I’m going to focus on translating literature, because that’s what I mainly do, and the process for translating business stuff is slightly different.

So, for literature, obviously the first thing is to read the book. Usually I get sent the book as a file, and I print it out and bring it to a nice coffee shop where I can sit with the stack of pages and read it through. As I’m reading it I have a pen in hand, and sometimes a phrase springs to mind in English that would be a perfect (or possible) translation. I jot these down in the margins as I’m going along. But generally, when I’m first reading it through I’m not thinking about translating it, or how it will sound in English. I’m just getting to grips with the characters and the plot. I do pay attention to any stylistic devices the author is using, though – things like puns, onomatopoeia, or extended metaphors, especially if these are recurring. An image a particular character is associated with, or a color related to an emotion. Of course, I also make a mental note of any themes running through the book.

So that’s the first stage of translating: actually reading and getting to know the book and its characters. Then I go to the computer and actually translate the thing, and it’s like slashing through the jungle. You’re literally just clearing a path through the text. At this stage I have lots of either-or translations, and I highlight them in light blue. Once I’ve gone through the whole of the book, there’s all these passages still highlighted, and I go back and fine tune it, hone it down.

One thing I love about Russian literature is it’s so easy to go off on a tangent. Some mention of some other literary figure in the book, some artist or some place I don’t recognize – and now that we have Google at our disposal you can just Google it, and it’s like going down the rabbit hole. You can spend the whole afternoon just exploring something new. That’s the fun part.

At some stage, I read it through in parallel with my husband, who is Russian: he’ll read the Russian in front of him while I read the English out loud. It’s very good to read a book out loud. You realize more where you’re stumbling. If the sentences don’t flow, then you’ve messed up, and you wouldn’t necessarily notice that unless you’re reading it out loud. Also, when you’re translating, it’s quite easy to skip a sentence (or a paragraph), get tired and leave a bit out, or misunderstand something. So it’s always good to have someone to check it with in tandem.

And then, of course, I liaise with the author. All the work I’ve done so far has been with living authors who (mostly) speak English, which is nice, so I can bounce phrases backwards and forwards with them.

Do you find yourself often reaching out to the original authors and bouncing phrases, or is it more rare that you’re seeking their input?

It depends partly on the author. Some authors don’t want to get involved in the process.

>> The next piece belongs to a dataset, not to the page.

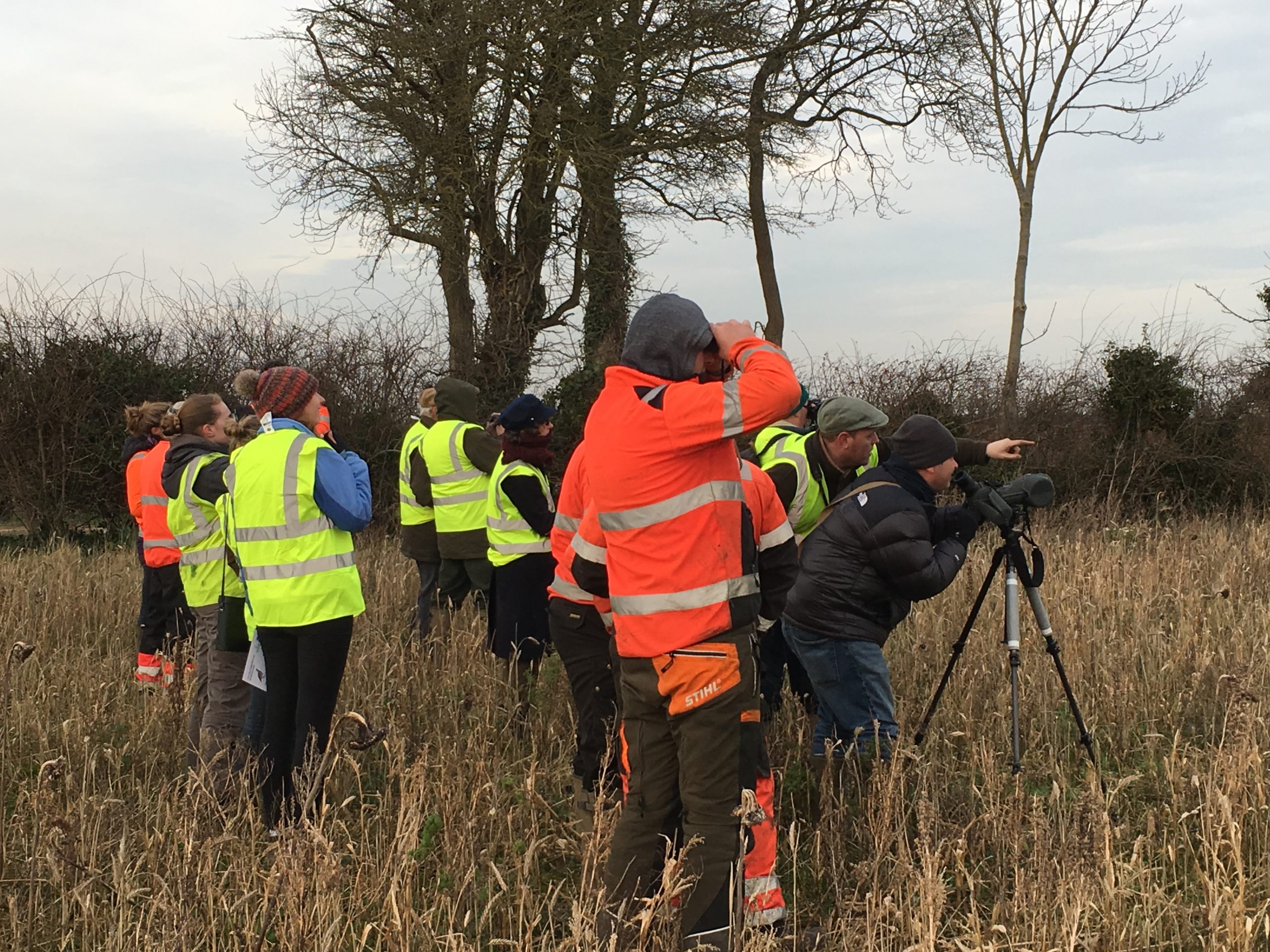 Thumbnail for the post titled: BFBC off to a great start at Beeswax Dyson Farms in Lincolnshire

Hamid has been a translator himself, so he understands.

I’ve just finished translating a book by Elena Chizhova, who was a Russian Booker prize winner a few years ago. There was one point in the text she mentioned “radio voices”, and I thought she could be making a reference that Russians would pick up on to the “Voice of America” radio program. So for something like that, I might consider putting a footnote in. Hamid has a very particular style; his Russian can be quite unorthodox. He likes to play with sounds and metaphors, and occasionally the sentences can get too long and you can get a bit lost off. So it’s best to go back to him and say, Do you mind if I chop this? Or break this into two sentences? But it really depends on the author.

Mbobo’s voice is so beautiful and distinctive. How difficult was it to capture his voice in another language?

I was thinking about this question because a couple of other people have mentioned Mbobo’s voice, but to be honest it wasn’t something I found myself struggling with. I think it’s probably because Mbobo has such a distinctive voice, you basically just sit back and let him do the talking in English as well. When you’re a translator, especially with a character who’s so strong and so specific, you almost have to develop a friendship with the character, and feel them as a living being. Then you just let the voice come through you.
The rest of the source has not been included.